● **Materials provided**
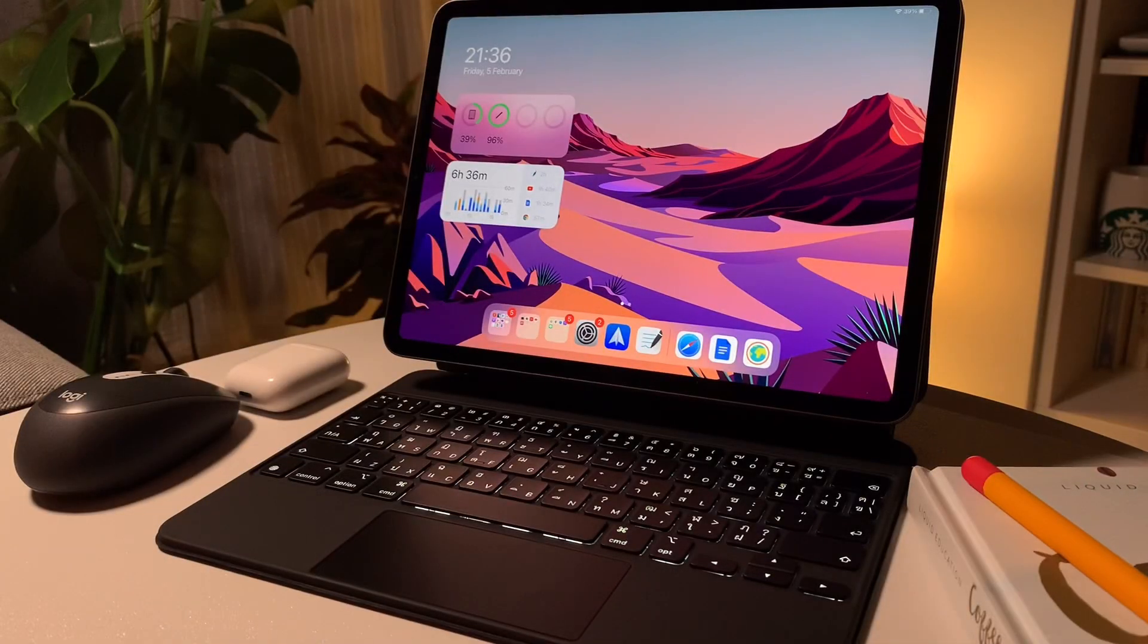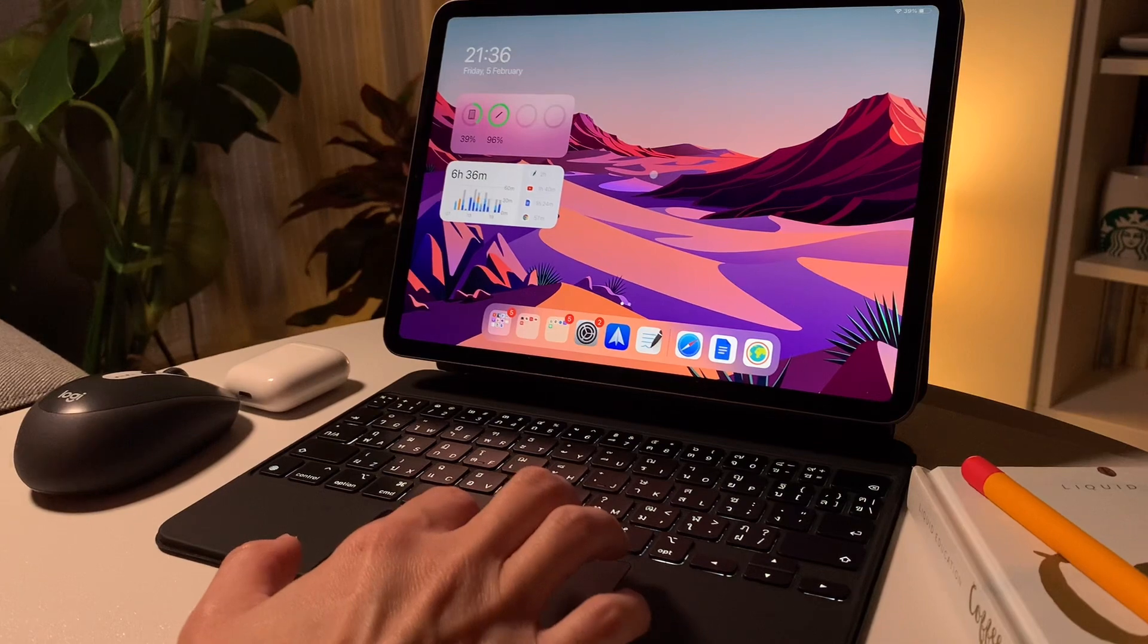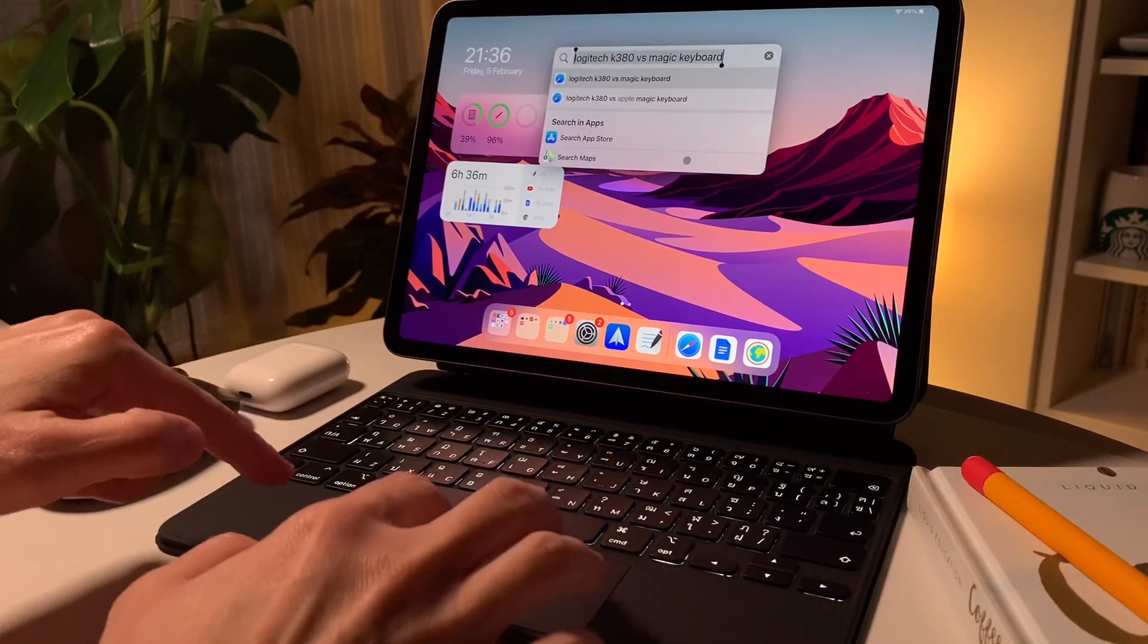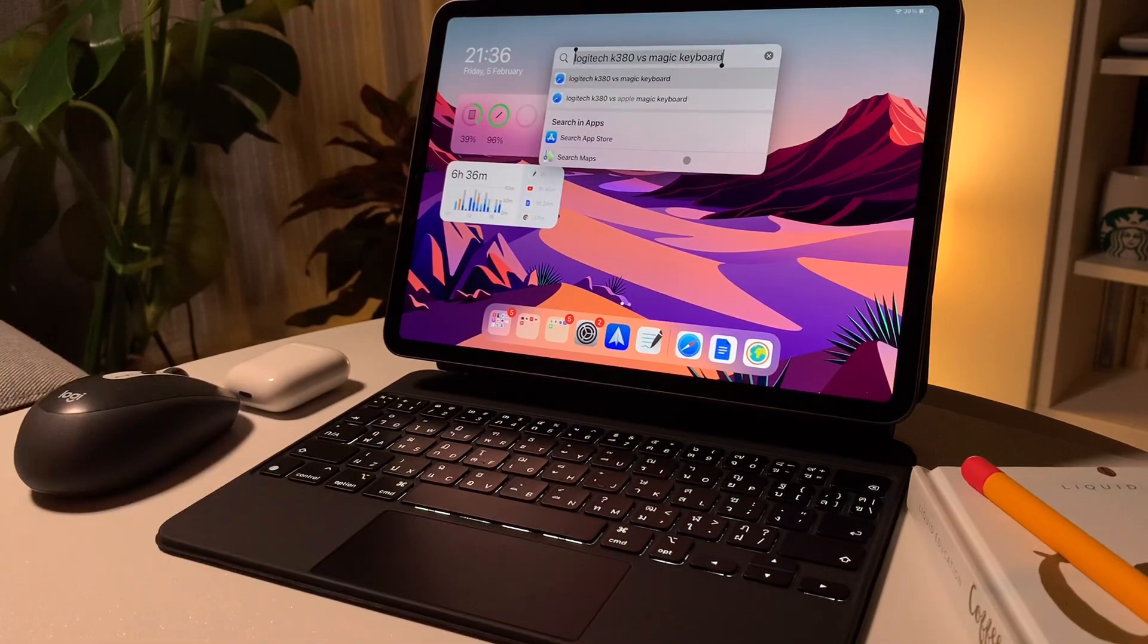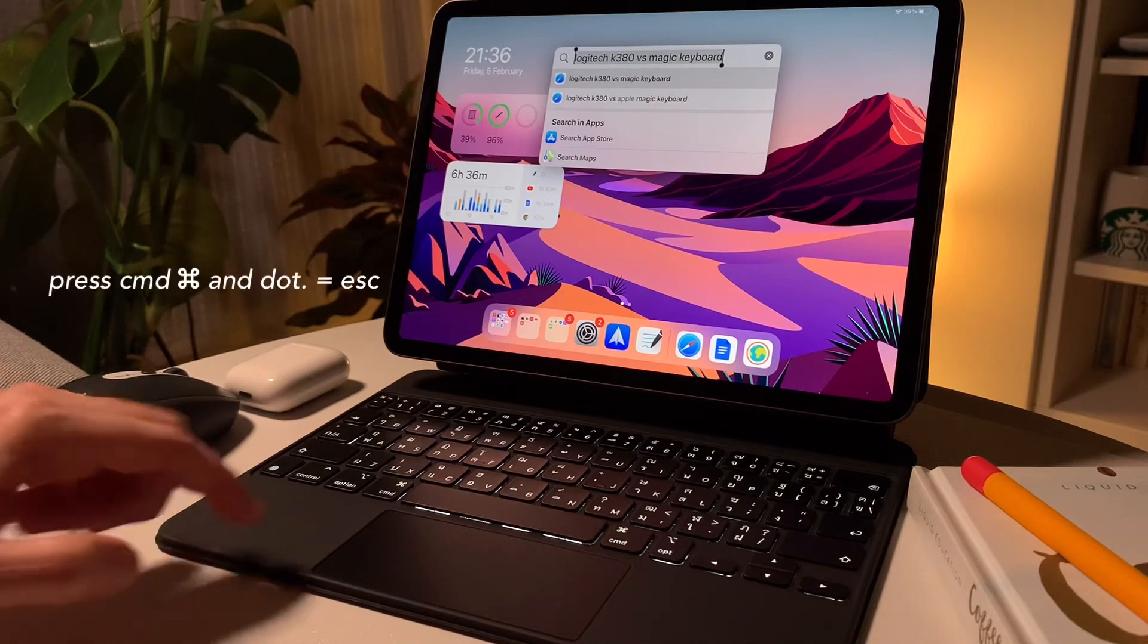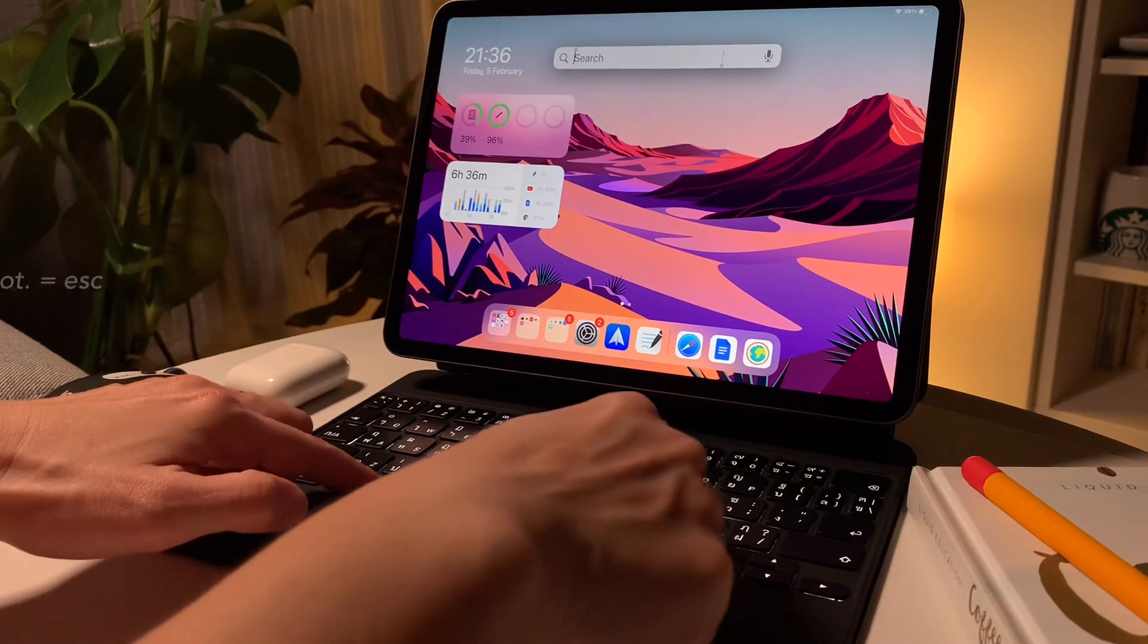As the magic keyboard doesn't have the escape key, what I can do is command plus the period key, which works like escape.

---

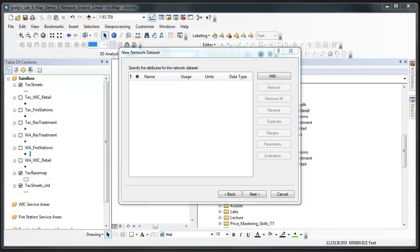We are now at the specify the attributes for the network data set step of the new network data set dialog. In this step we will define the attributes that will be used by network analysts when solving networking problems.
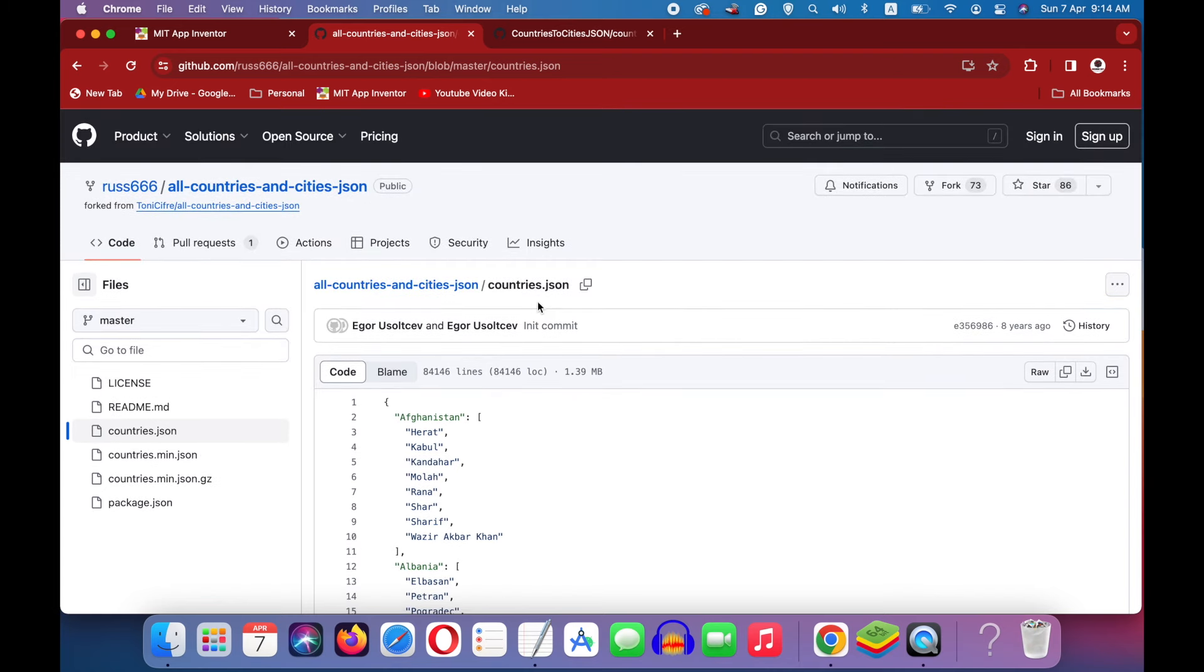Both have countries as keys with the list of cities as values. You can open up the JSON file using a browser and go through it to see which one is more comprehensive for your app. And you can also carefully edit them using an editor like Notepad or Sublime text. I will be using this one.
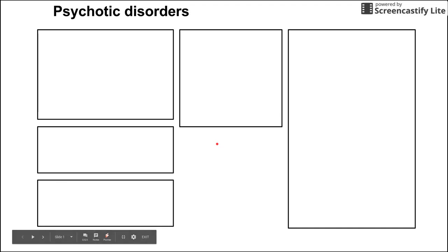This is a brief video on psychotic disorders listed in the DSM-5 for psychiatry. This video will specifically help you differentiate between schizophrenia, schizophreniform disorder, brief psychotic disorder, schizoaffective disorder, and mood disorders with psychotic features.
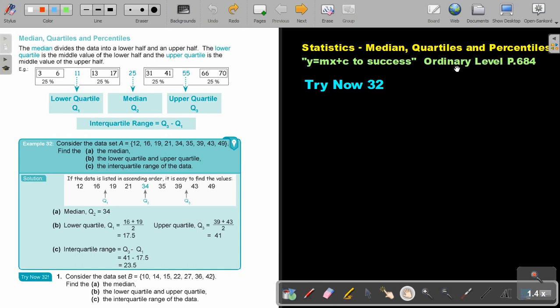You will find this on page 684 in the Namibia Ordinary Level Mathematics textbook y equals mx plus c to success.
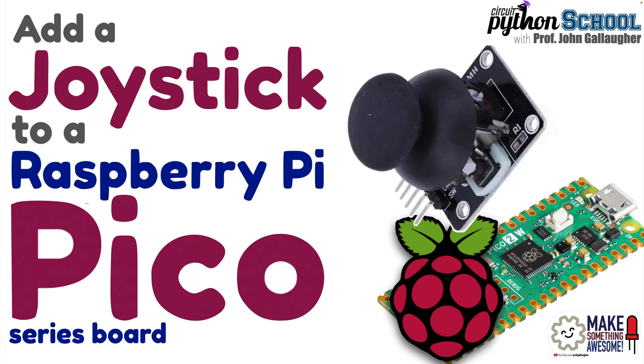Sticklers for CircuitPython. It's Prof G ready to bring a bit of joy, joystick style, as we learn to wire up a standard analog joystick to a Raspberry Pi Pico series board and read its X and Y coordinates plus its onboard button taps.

* * *

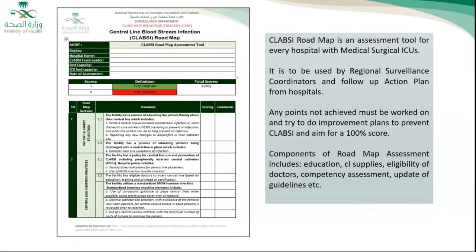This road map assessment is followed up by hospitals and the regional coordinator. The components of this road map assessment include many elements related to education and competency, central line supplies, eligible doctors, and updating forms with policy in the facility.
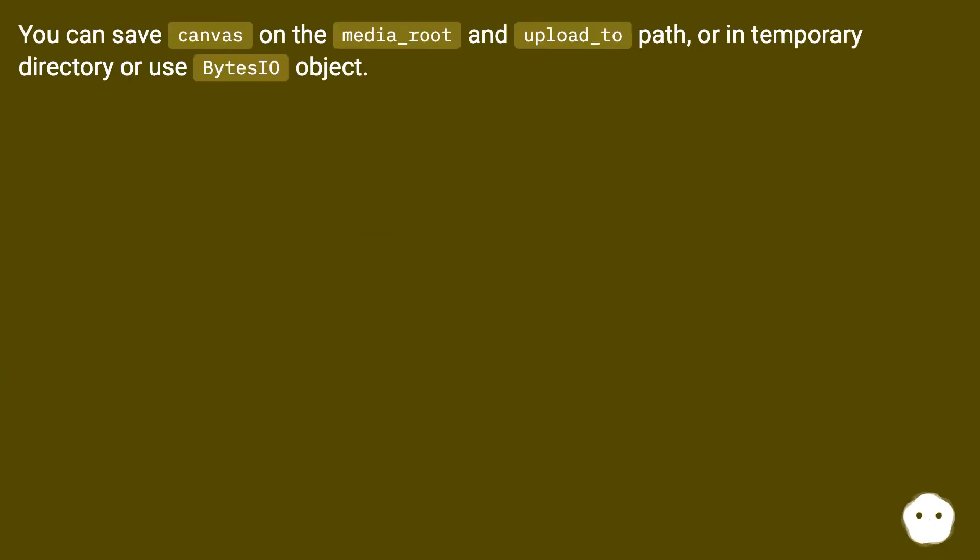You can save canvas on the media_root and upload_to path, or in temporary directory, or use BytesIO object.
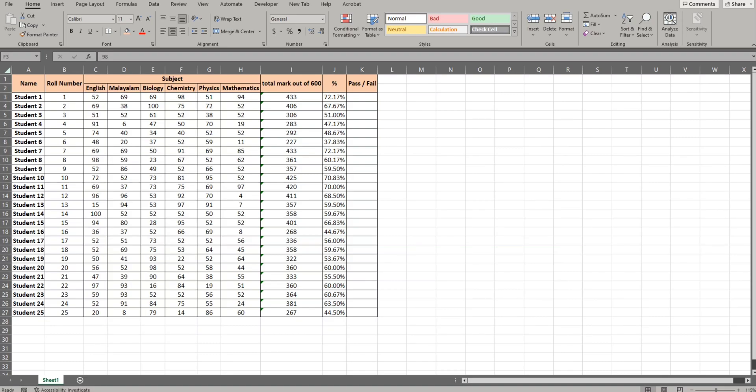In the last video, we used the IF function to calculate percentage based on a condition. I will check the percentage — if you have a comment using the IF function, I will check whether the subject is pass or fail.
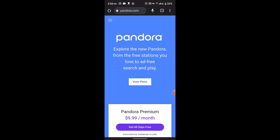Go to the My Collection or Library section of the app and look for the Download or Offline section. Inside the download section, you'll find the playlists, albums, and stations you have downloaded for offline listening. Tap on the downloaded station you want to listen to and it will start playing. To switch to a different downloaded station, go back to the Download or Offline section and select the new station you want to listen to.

● **Assigned task**
Of all the material above, only the lines from the one that has "We are now at" down to the one that has "Sticklers for CircuitPython." are to be written out, exactly and with both ends included. Pictures are skipped.

● **Result of this task**
We are now at the specify the attributes for the network data set step of the new network data set dialog. In this step we will define the attributes that will be used by network analysts when solving networking problems.
Both have countries as keys with the list of cities as values. You can open up the JSON file using a browser and go through it to see which one is more comprehensive for your app. And you can also carefully edit them using an editor like Notepad or Sublime text. I will be using this one.
This is a brief video on psychotic disorders listed in the DSM-5 for psychiatry. This video will specifically help you differentiate between schizophrenia, schizophreniform disorder, brief psychotic disorder, schizoaffective disorder, and mood disorders with psychotic features.
You will find this on page 684 in the Namibia Ordinary Level Mathematics textbook y equals mx plus c to success.
Sticklers for CircuitPython. It's Prof G ready to bring a bit of joy, joystick style, as we learn to wire up a standard analog joystick to a Raspberry Pi Pico series board and read its X and Y coordinates plus its onboard button taps.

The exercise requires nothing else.